Column: The euro debate has been debased by inadequate leadership
In what seems like week 759 of the European referendum debate we can finally see the finishing line in front of us.
It is now just a matter of days until the biggest bun fight in the history of modern British politics comes to its crescendo and it seems that a large sector of the public are beginning to wake up.
Last week saw a mad rush created by hundreds of thousands of Johnny Come Latelys who finally realised there is something quite important happening next Thursday, presumably after tearing themselves away from dancing kangaroos on YouTube or Call of Duty. Much was made of the fact that these tardy folk created a lot of extra work, all because they left it until the 11th hour to register to vote.
While it is slightly absurd that grown ups cannot do a simple thing such as enabling themselves to take part in the democratic process, it is hard to blame some of the electorate for feeling disenfranchised as the level of debate during this campaign has been nothing short of turgid.
The phrase ‘the only thing we know is we don’t know’ has been trotted out a lot recently in relation to this issue but that isn’t completely true as another thing which has been confirmed during the greatest in or out saga since the hokey cokey was in the charts, is that we are seriously lacking on the political talent front in this country.

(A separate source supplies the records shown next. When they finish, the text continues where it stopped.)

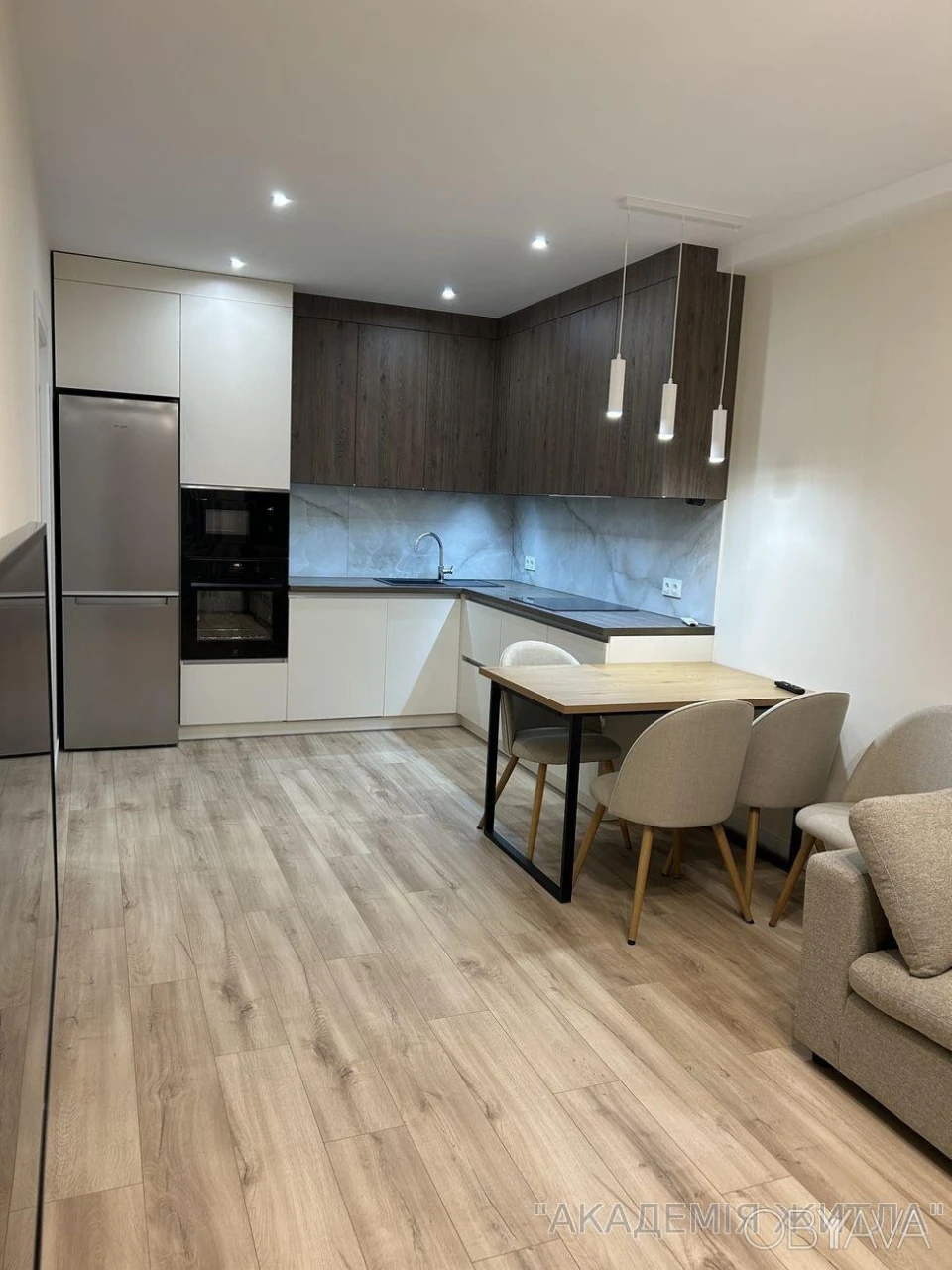 1-комнатная квартира, 41 м.кв.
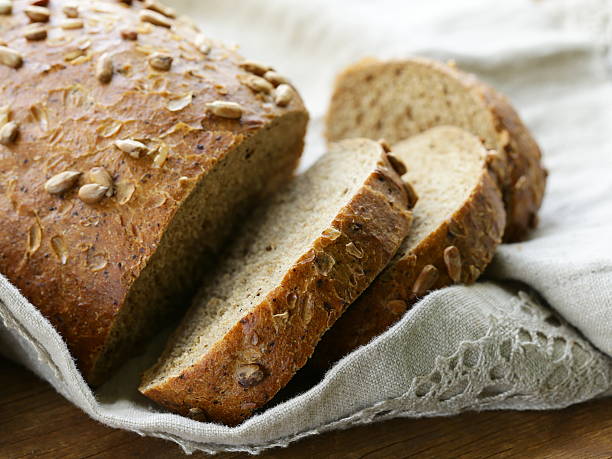 istock loaf of rye bread with sunflower seeds 507681479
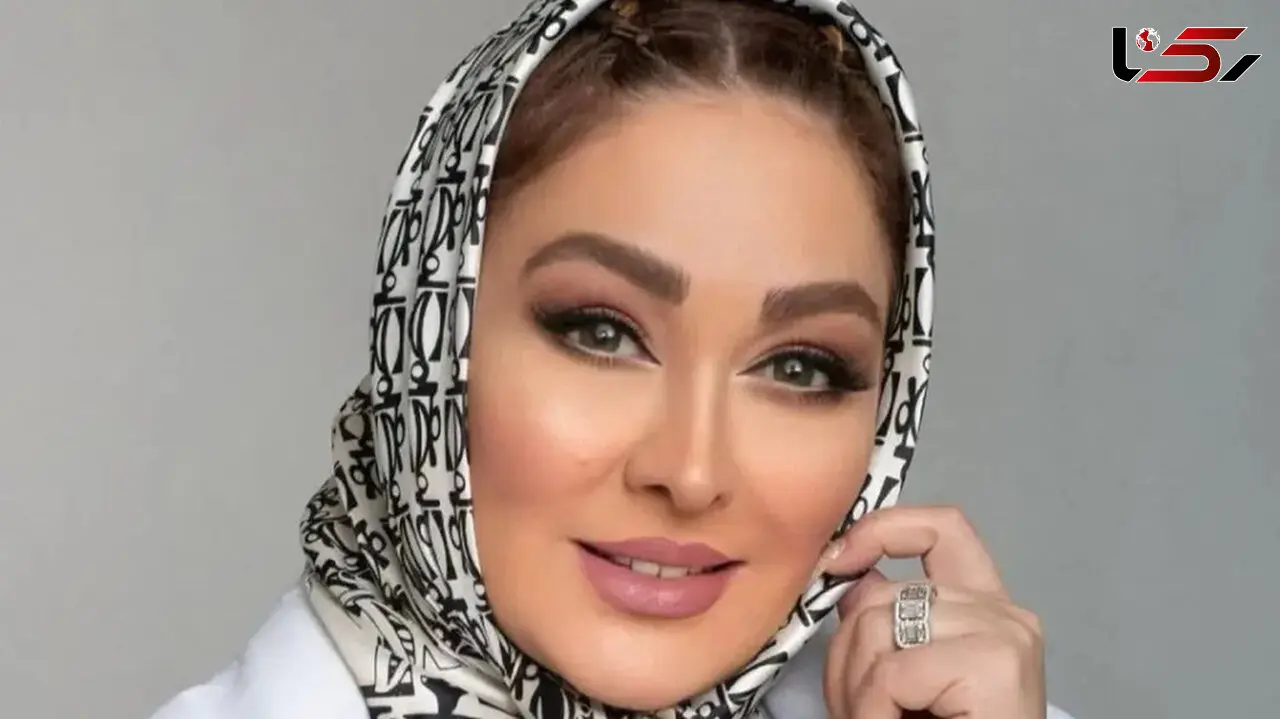غوغای عکس کمر باریکی الهام حمیدی کنار سفره شب یلدای مجلل ! / رژیم لاغری اش چیست ؟!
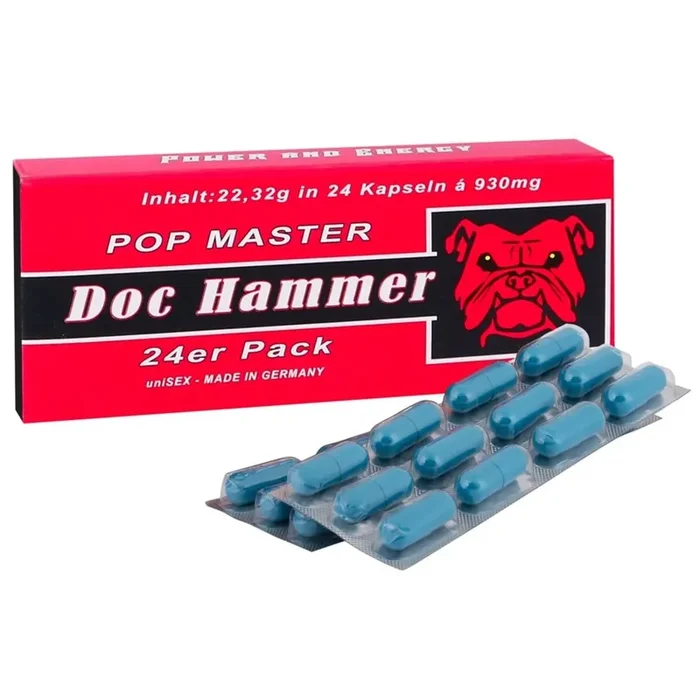DocHammer – POP Master – 24 Kapseln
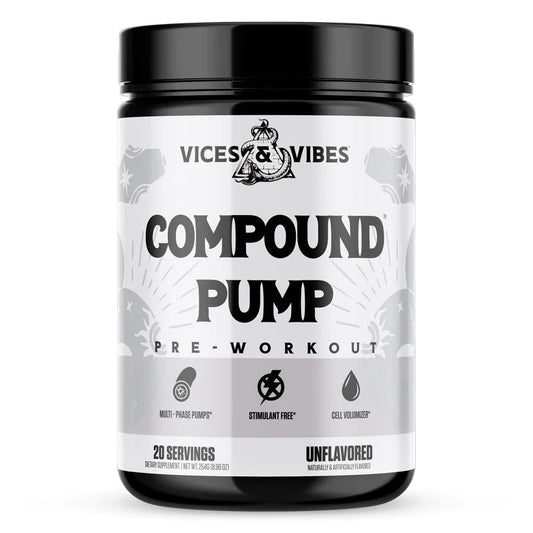 Vices & Vibes Compound Pump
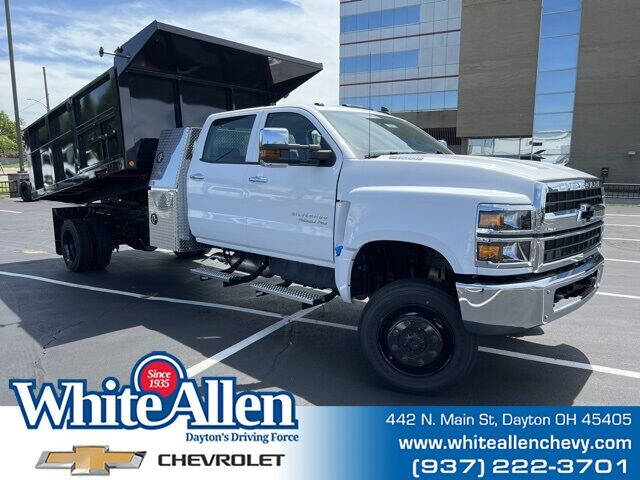 2023 Chevrolet Silverado 4500HD for sale at WHITE-ALLEN CHEVROLET in Dayton OH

We are currently living in a period of history which is likely to be poured over for years to come and should be the ideal forum for politicians to display their vast array of skills. But, with a few notable exceptions, we have been subjected to months of bluster and weak soundbites from self interested politicians who have failed miserably to convince millions which way they should go on June 23. That every other person I speak to decries the lack of facts in the debate speaks volumes for the shambles of the process as there was an ideal opportunity for somebody to grab the Brexit bull by the horns and put forward a compelling case for either side. Instead the major players have resorted to binary, Punch and Judy politics: the very thing David Cameron promised he would eradicate from public life when he became Tory leader 11 years ago.

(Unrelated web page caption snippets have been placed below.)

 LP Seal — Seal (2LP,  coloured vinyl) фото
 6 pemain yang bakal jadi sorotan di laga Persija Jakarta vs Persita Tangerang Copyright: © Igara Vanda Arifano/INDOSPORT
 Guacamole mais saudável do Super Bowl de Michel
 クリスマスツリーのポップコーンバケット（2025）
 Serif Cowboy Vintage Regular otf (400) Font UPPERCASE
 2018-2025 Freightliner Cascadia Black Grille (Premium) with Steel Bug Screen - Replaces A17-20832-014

At the beginning of the campaign I warned about the danger of boring the electorate with an uninspiring campaign and a high profile Remain campaigner wrote to me to tell me how wrong I was. In the incredibly polite rebuke I was told how important this issue was, as if my suggestion that the discussion had become moribund undermined the entire democratic process.

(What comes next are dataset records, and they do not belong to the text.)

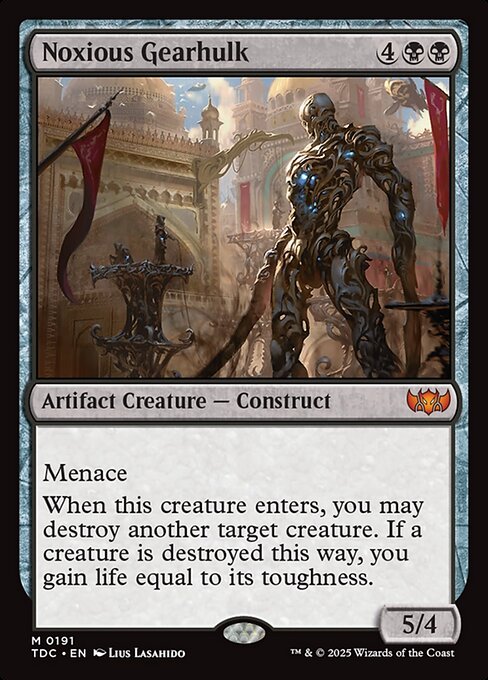 Noxious Gearhulk - TDC - 191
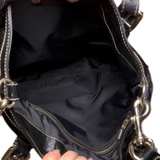 Gucci Britt Web Tote Black - Image 3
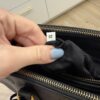 Prada Saffiano Small Galleria Double Zip Tote Black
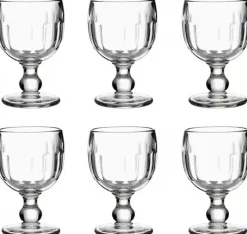 Best Coteau Vinglas 6 stk. 20 cl, Klar Vinglas|Vinglas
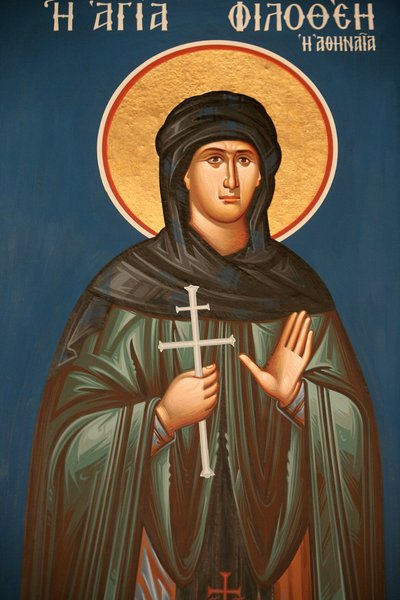 Ícono ortodoxo griego, Tesalónica, Grecia de Unbekannt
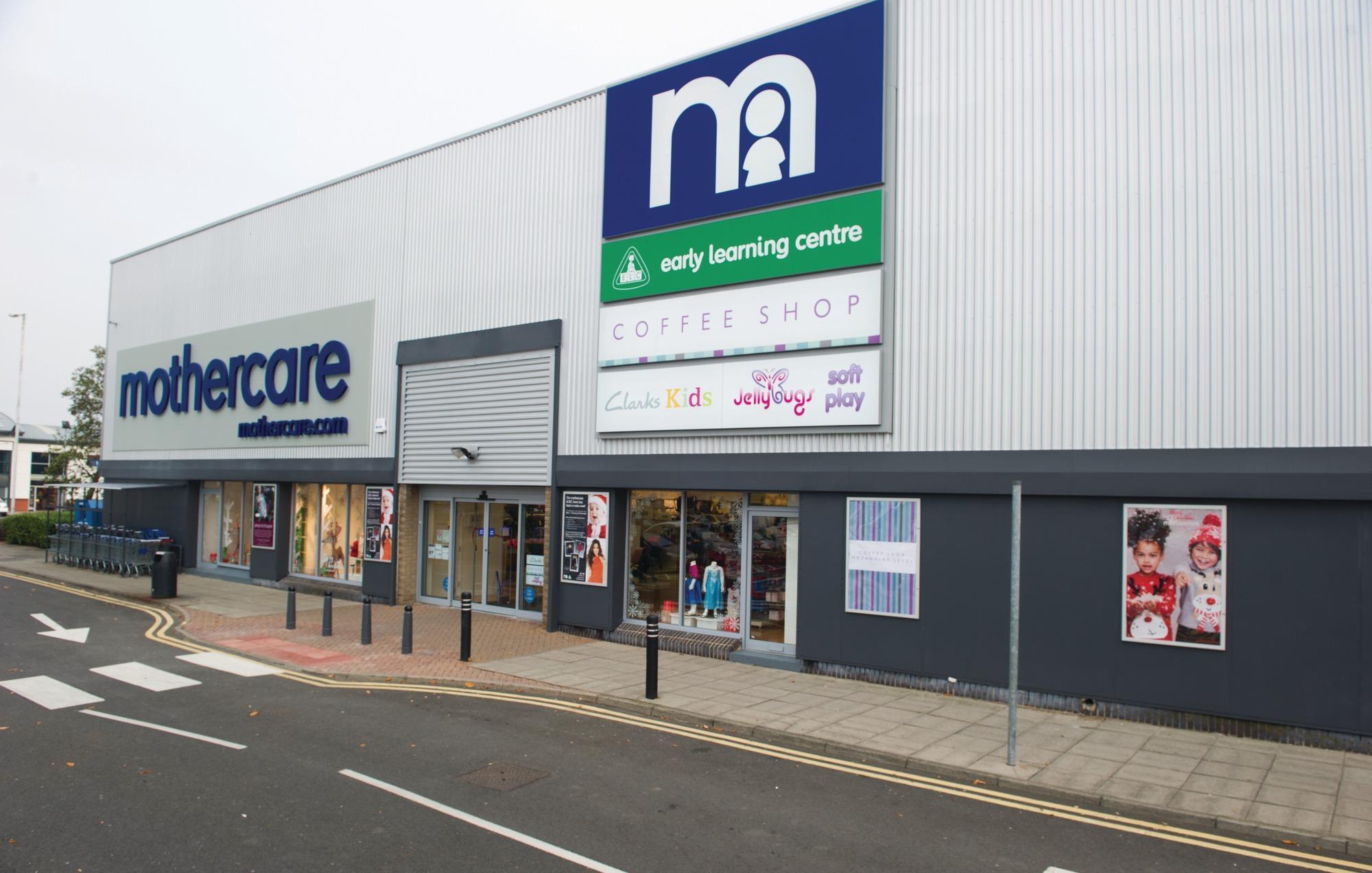 In pictures Mothercare reveals two newlook stores Photo gallery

Sadly, my prediction that this banality could lead to apathy seems to be coming true and the danger is that voters will make snap decisions which they come to regret in years to come. The debate is sinking to the level of a playground cat fight with would-be Brexiters being asked whether they really want to be on the same side as Nigel Farage, Michael Gove or Katie Hopkins, overlooking the fact that Messrs Cameron, Osborne and Cowell support staying in.
These childish questions are being asked because there is a void where there should be guidance and, dare I say it, leadership.
I fear that 2016 will be long remembered for being the year that the British public was let down by its mediocre elected representatives.